Introductions & Overview

We will set up the cluster using Cloudera Manager
Note: We need a 64-bit machine for Cloudera cluster set up.

Selecting Hardware for Your CDH Cluster
Linux configuration/prechecks
Install package repositories for Cloudera Manager and CDH
Install a MySQL server for CM
Install Cloudera Manager and CDH
Benchmarking
Kerberize the cluster

Selecting Hardware for Your CDH Cluster

Here are the recommended specifications for DataNode/TaskTrackers in a balanced Hadoop cluster:

12-24 1-4TB hard disks in a JBOD (Just a Bunch Of Disks) configuration
2 quad-/hex-/octo-core CPUs, running at least 2-2.5GHz
64-512GB of RAM
Bonded Gigabit Ethernet or 10Gigabit Ethernet (the more storage density, the higher the network throughput needed)

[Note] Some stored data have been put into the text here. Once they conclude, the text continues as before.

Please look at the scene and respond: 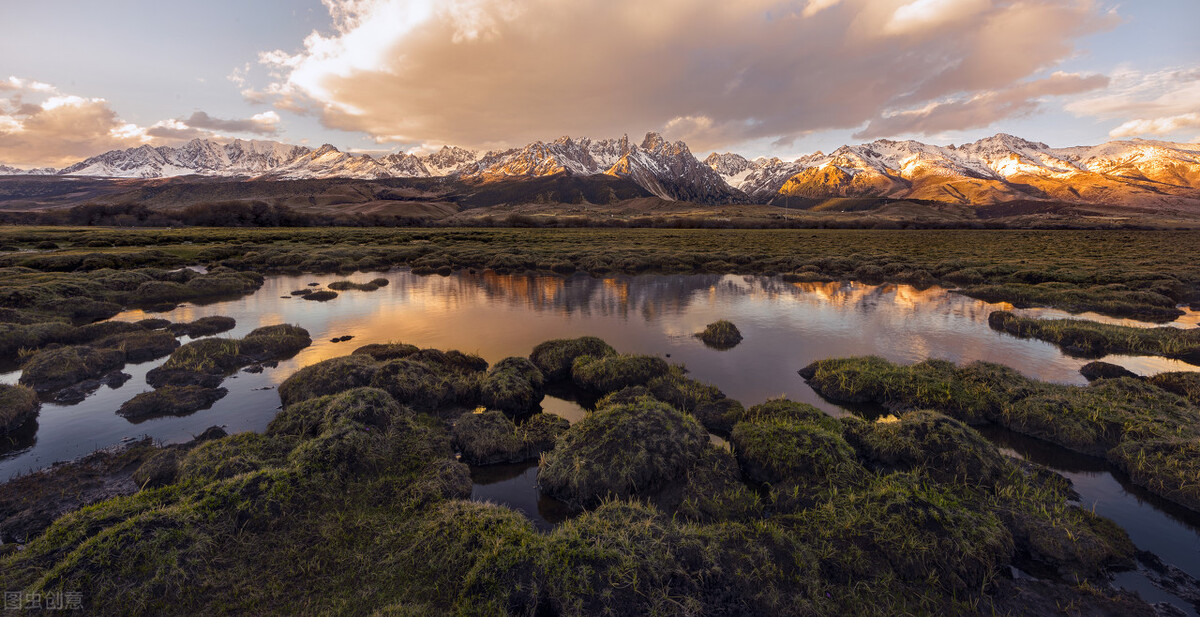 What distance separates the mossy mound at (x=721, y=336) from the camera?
70.5 ft

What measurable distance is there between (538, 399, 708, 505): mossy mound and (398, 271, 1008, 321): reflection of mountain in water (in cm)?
1680

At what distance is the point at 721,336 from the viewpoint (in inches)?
862

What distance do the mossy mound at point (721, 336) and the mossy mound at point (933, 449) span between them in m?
10.4

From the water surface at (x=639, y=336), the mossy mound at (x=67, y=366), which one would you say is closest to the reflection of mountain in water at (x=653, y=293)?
the water surface at (x=639, y=336)

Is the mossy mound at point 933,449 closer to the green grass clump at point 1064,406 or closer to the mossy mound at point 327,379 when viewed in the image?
the green grass clump at point 1064,406

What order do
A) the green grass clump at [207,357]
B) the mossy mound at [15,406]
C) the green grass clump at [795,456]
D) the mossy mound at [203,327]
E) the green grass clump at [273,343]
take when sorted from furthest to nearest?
the mossy mound at [203,327] < the green grass clump at [273,343] < the green grass clump at [207,357] < the mossy mound at [15,406] < the green grass clump at [795,456]

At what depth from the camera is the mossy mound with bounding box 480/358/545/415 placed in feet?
45.7

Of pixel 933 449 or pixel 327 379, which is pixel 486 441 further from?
pixel 933 449

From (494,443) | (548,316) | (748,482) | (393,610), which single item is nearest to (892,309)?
(548,316)

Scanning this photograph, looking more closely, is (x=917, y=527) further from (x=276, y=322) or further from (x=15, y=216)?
(x=15, y=216)

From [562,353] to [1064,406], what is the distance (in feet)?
52.1

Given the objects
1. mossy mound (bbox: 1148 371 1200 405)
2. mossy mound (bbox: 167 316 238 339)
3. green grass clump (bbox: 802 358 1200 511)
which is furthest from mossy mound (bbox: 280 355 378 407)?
mossy mound (bbox: 1148 371 1200 405)

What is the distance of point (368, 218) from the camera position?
142 metres

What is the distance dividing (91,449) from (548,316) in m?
19.4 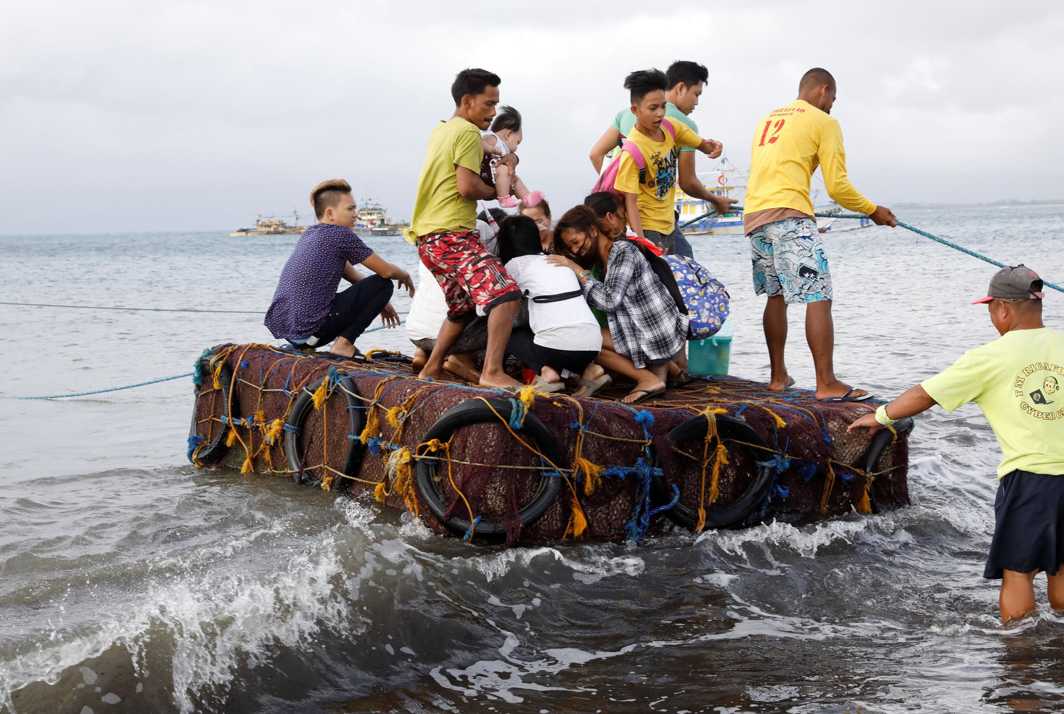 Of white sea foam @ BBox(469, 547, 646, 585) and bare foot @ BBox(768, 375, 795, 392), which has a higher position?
bare foot @ BBox(768, 375, 795, 392)

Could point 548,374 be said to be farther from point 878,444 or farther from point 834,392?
point 878,444

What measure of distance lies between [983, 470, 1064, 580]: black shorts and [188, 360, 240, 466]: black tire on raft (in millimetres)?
4585

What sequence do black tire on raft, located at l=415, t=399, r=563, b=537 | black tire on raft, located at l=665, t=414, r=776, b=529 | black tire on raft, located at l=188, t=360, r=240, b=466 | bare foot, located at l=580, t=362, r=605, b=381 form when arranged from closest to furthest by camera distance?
1. black tire on raft, located at l=415, t=399, r=563, b=537
2. black tire on raft, located at l=665, t=414, r=776, b=529
3. bare foot, located at l=580, t=362, r=605, b=381
4. black tire on raft, located at l=188, t=360, r=240, b=466

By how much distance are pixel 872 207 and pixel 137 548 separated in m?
4.36

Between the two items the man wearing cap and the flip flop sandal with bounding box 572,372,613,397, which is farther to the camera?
the flip flop sandal with bounding box 572,372,613,397

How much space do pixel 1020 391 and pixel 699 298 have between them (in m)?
2.38

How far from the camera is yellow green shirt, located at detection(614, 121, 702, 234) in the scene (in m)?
6.50

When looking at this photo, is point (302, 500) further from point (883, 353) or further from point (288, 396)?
point (883, 353)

Here are the recommended specifications for NameNode/JobTracker/Standby NameNode nodes. The drive count will fluctuate depending on the amount of redundancy:

4–6 1TB hard disks in a JBOD configuration (1 for the OS, 2 for the FS image [RAID 1], 1 for Apache ZooKeeper, and 1 for Journal node)
2 quad-/hex-/octo-core CPUs, running at least 2-2.5GHz
64-128GB of RAM
Bonded Gigabit Ethernet or 10Gigabit Ethernet

Linux configuration/prechecks

Before cluster set up, we need to configure our nodes. Follow the below steps in all nodes.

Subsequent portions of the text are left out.